* DIRECTIONS FOR THIS TASK:
Repeat the listing that follows exactly. Pictures are not part of the copy.

|---|

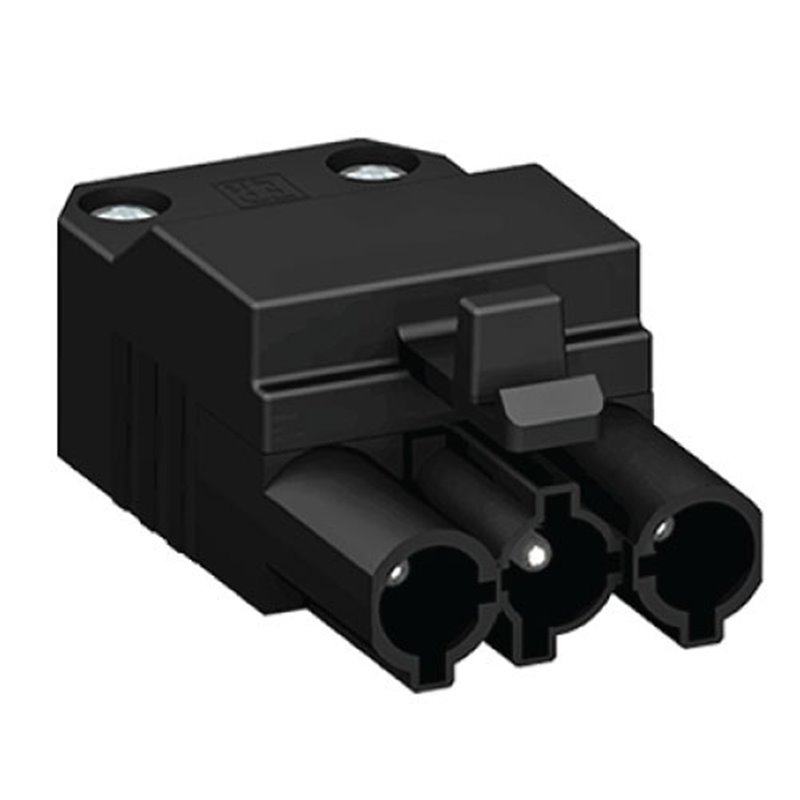 cableduct rwmale 832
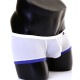 �ܥ������ѥ�� ��� ��La-PommeHomme/��ݡ��ࡦ����ۥ��硼�ȥܥ����� ���ݡ��ƥ� �����饤�� ������ ���� ��� ������ ������������� �ѥ��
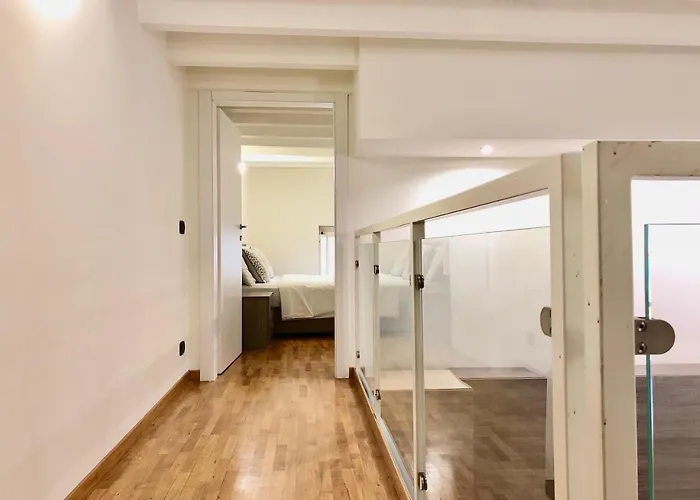 Future Appartement *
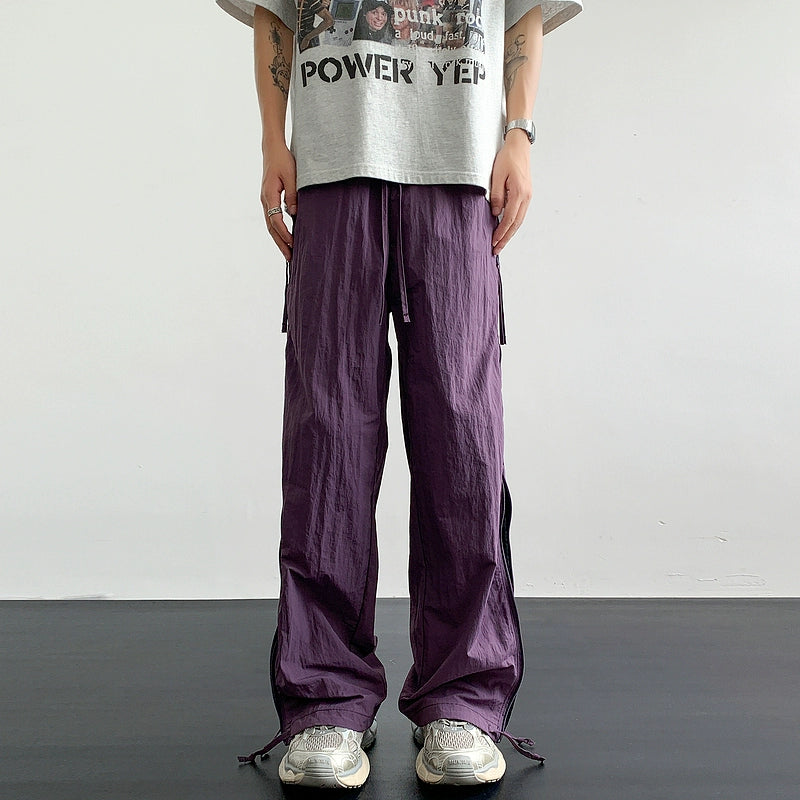 undefined,5801861128386,5801861128387,5801861128388,5801861128389,5801861128390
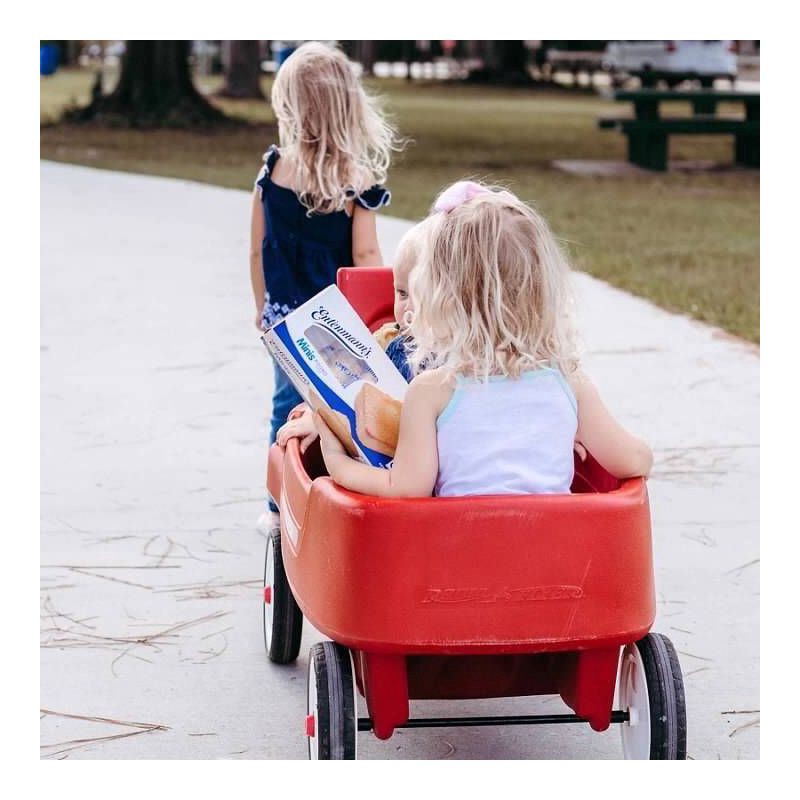 slide 15 of 23, Entenmann's Mini Butter Pound Cake - 9.25oz/6ct, 9.25 oz, 6 ct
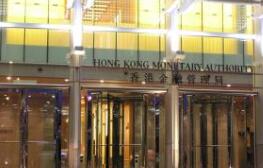 ��۽�ֻܾ��ܷ������������������� 5�һ������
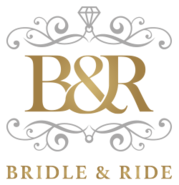 Bridle & Ride weymouth Reins 
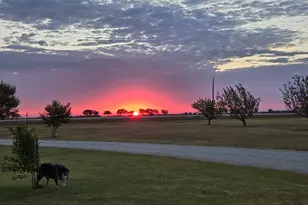 1397 Ole School Pkwy, Crawford, TX 76638 - Photo 35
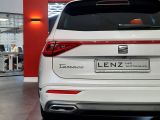 Seat Tarraco bei Gebrauchtwagen.expert - Abbildung (7 / 15)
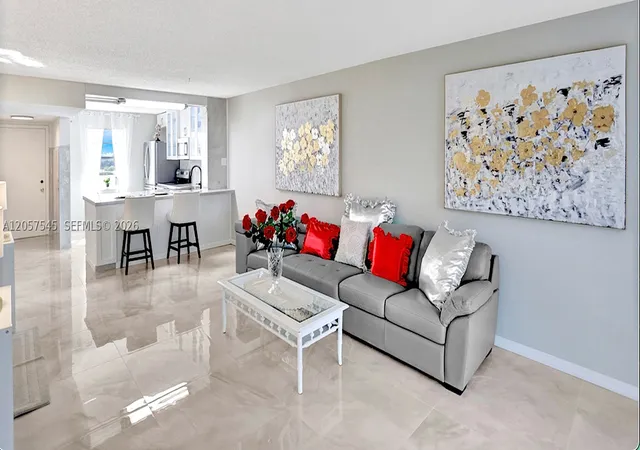 3940-inverrary-blvd-703-a-lauderhill-fl-33319/hzid_c381f871
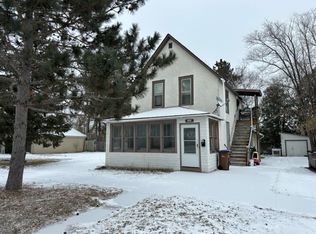 421 S 9th St UNIT 1, Brainerd, MN 56401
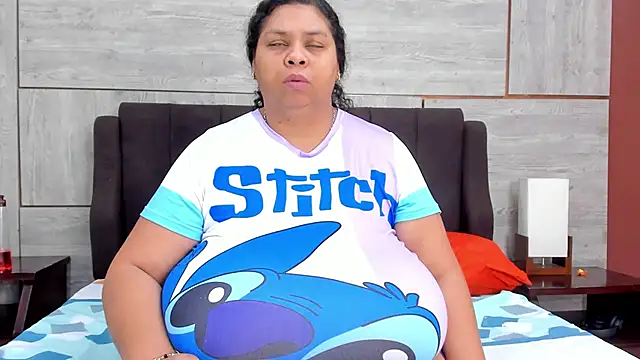 Lynn Jones online show from 03/14/25, 05:05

|---|

* RESPONSE BELOW:
 cableduct rwmale 832
 �ܥ������ѥ�� ��� ��La-PommeHomme/��ݡ��ࡦ����ۥ��硼�ȥܥ����� ���ݡ��ƥ� �����饤�� ������ ���� ��� ������ ������������� �ѥ��
 Future Appartement *
 undefined,5801861128386,5801861128387,5801861128388,5801861128389,5801861128390
 slide 15 of 23, Entenmann's Mini Butter Pound Cake - 9.25oz/6ct, 9.25 oz, 6 ct
 ��۽�ֻܾ��ܷ������������������� 5�һ������
 Bridle & Ride weymouth Reins 
 1397 Ole School Pkwy, Crawford, TX 76638 - Photo 35
 Seat Tarraco bei Gebrauchtwagen.expert - Abbildung (7 / 15)
 3940-inverrary-blvd-703-a-lauderhill-fl-33319/hzid_c381f871
 421 S 9th St UNIT 1, Brainerd, MN 56401
 Lynn Jones online show from 03/14/25, 05:05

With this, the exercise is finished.